The Illinois Department of Human Services and Google Public Sector will launch a new online portal by July 3 to streamline family access to youth behavioral and mental health resources.
The state is creating the Behavioral Health Care and Ongoing Navigation portal as one of its 12 strategies to address youth mental health from a report released last year by the Illinois Children’s Behavioral Health Transformation Initiative, created by Governor J.B. Pritzker in 2022.
Through BEACON, families will be able to upload their children’s required documentation and learn about the resources their children will be eligible to receive.

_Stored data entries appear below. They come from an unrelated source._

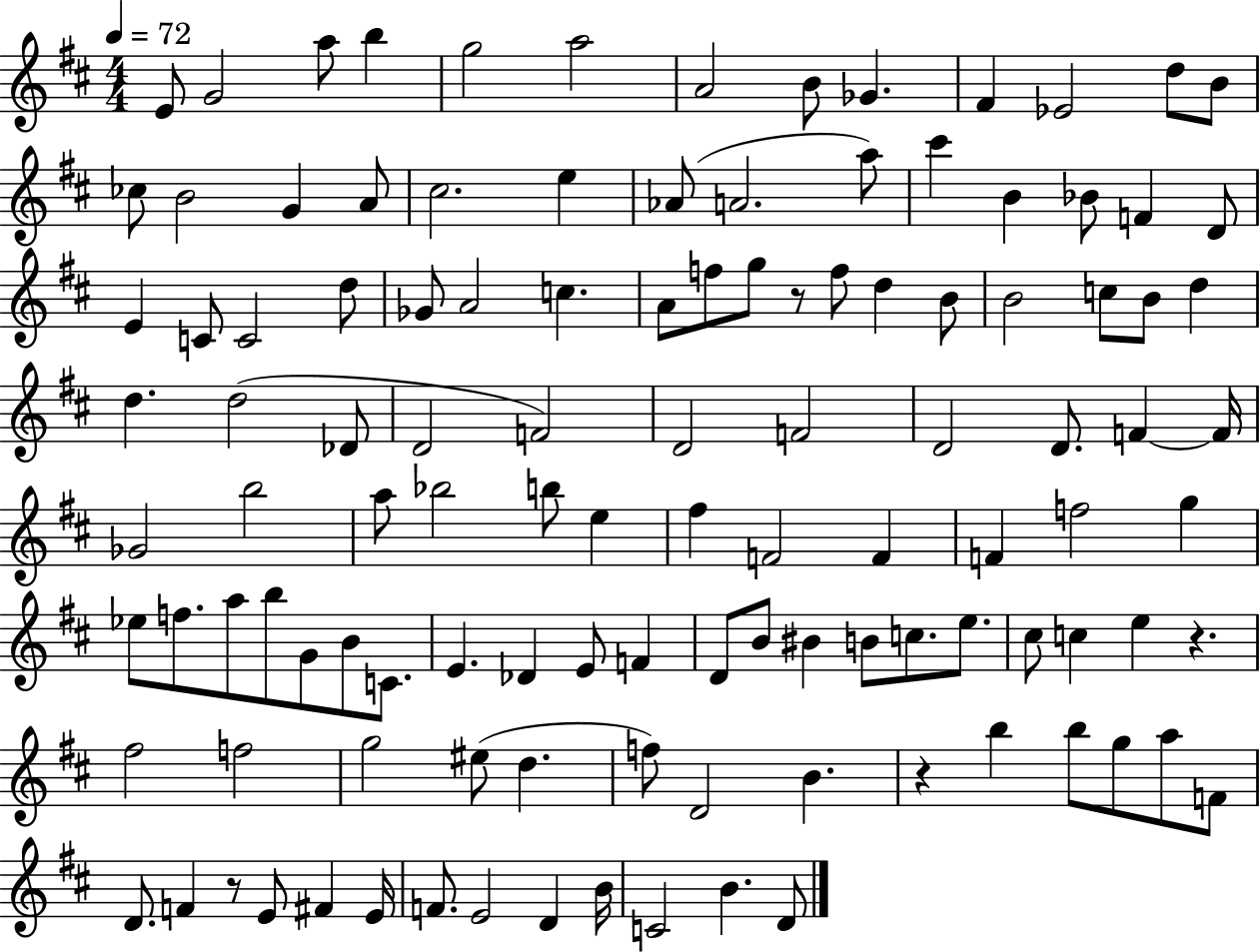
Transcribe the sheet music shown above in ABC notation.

X:1
T:Untitled
M:4/4
L:1/4
K:D
E/2 G2 a/2 b g2 a2 A2 B/2 _G ^F _E2 d/2 B/2 _c/2 B2 G A/2 ^c2 e _A/2 A2 a/2 ^c' B _B/2 F D/2 E C/2 C2 d/2 _G/2 A2 c A/2 f/2 g/2 z/2 f/2 d B/2 B2 c/2 B/2 d d d2 _D/2 D2 F2 D2 F2 D2 D/2 F F/4 _G2 b2 a/2 _b2 b/2 e ^f F2 F F f2 g _e/2 f/2 a/2 b/2 G/2 B/2 C/2 E _D E/2 F D/2 B/2 ^B B/2 c/2 e/2 ^c/2 c e z ^f2 f2 g2 ^e/2 d f/2 D2 B z b b/2 g/2 a/2 F/2 D/2 F z/2 E/2 ^F E/4 F/2 E2 D B/4 C2 B D/2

Families will also be able to request resource navigators, who would support them in finding appropriate resources for their children.
The state’s departments for human services, healthcare and family services, children and family services, juvenile justice and public health will all be connected to BEACON, as will the Illinois State Board of Education.

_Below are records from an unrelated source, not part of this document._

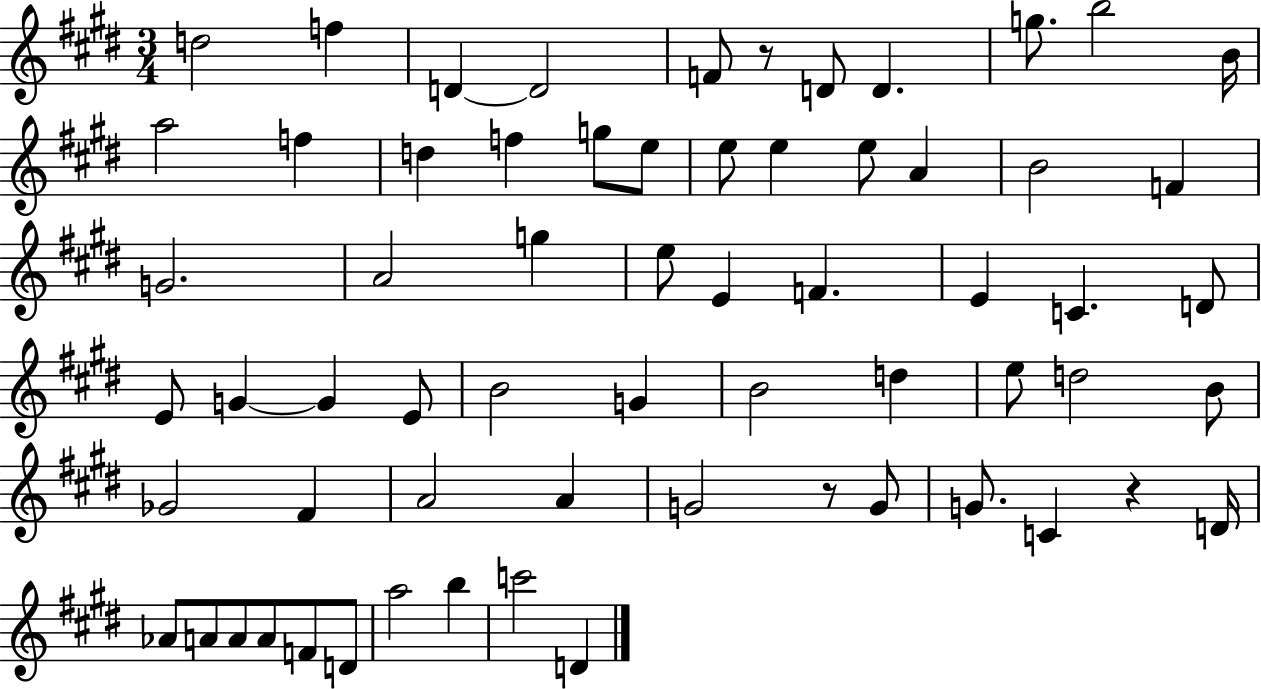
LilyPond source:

{
  \clef treble
  \numericTimeSignature
  \time 3/4
  \key e \major
  d''2 f''4 | d'4~~ d'2 | f'8 r8 d'8 d'4. | g''8. b''2 b'16 | \break a''2 f''4 | d''4 f''4 g''8 e''8 | e''8 e''4 e''8 a'4 | b'2 f'4 | \break g'2. | a'2 g''4 | e''8 e'4 f'4. | e'4 c'4. d'8 | \break e'8 g'4~~ g'4 e'8 | b'2 g'4 | b'2 d''4 | e''8 d''2 b'8 | \break ges'2 fis'4 | a'2 a'4 | g'2 r8 g'8 | g'8. c'4 r4 d'16 | \break aes'8 a'8 a'8 a'8 f'8 d'8 | a''2 b''4 | c'''2 d'4 | \bar "|."
}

“The new BEACON system will help (the Department of Juvenile Justice) coordinate services with other state agencies for the children in our care and will expedite access to the behavioral health services they need,” DJJ Interim Director Rob Vickery said in an email to The Daily.
BEACON builds on a rudimentary portal launched in June 2022 for the six child-serving state agencies to securely communicate with each other and expedite access to services, all with families’ consent.

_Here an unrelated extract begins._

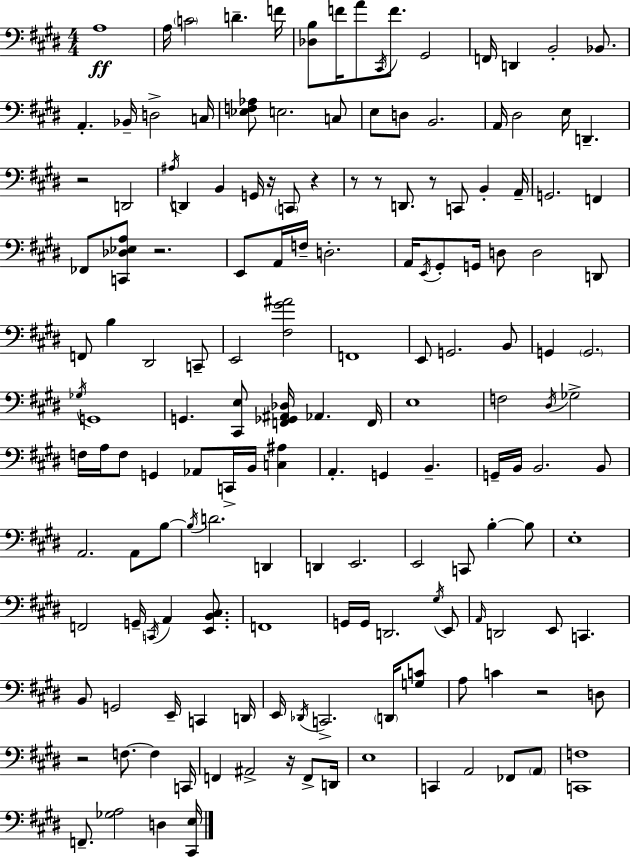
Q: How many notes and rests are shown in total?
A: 160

The new portal will promote more equitable access to those services, according to Dana Weiner, chief officer for the CBHTI.
“The development of the BEACON tool is informed by the diverse perspectives of people with lived experience,” Weiner said. “The blueprint itself outlines strategies that have to do with redistributing resources and community-based services to the areas that need them the most.”
The initiative’s report also recommends improving coordination and oversight for those services, adjusting facility and program capacities and promoting earlier interventions for behavioral or mental health challenges like universal mental health screenings in schools and pediatric offices.
Illinois will also create “resource referral technology” to more directly connect families to service providers. This technology is expected to be developed in the next 12 to 18 months and will eventually be connected to BEACON, Weiner said.
Google Public Sector will protect privacy by ensuring all information transmitted through BEACON is encrypted and accessible only to “relevant state employees so they can make informed decisions and be accountable for the outcomes,” Director of Public Sector Engineering Chris Hein said in an email to The Daily.
BEACON will be powered by artificial intelligence and cloud computing technology from Google Cloud. The tool will use AI algorithms to more efficiently match people to relevant services, but AI will not replace interpersonal interactions involving healthcare providers and other employees, Weiner added.
“Right now, all of these people spend a lot of time looking for things and trying to figure out all of the complex eligibility criteria to link families with services,” she said. “If we can use technology to do that, then people can spend time helping people.”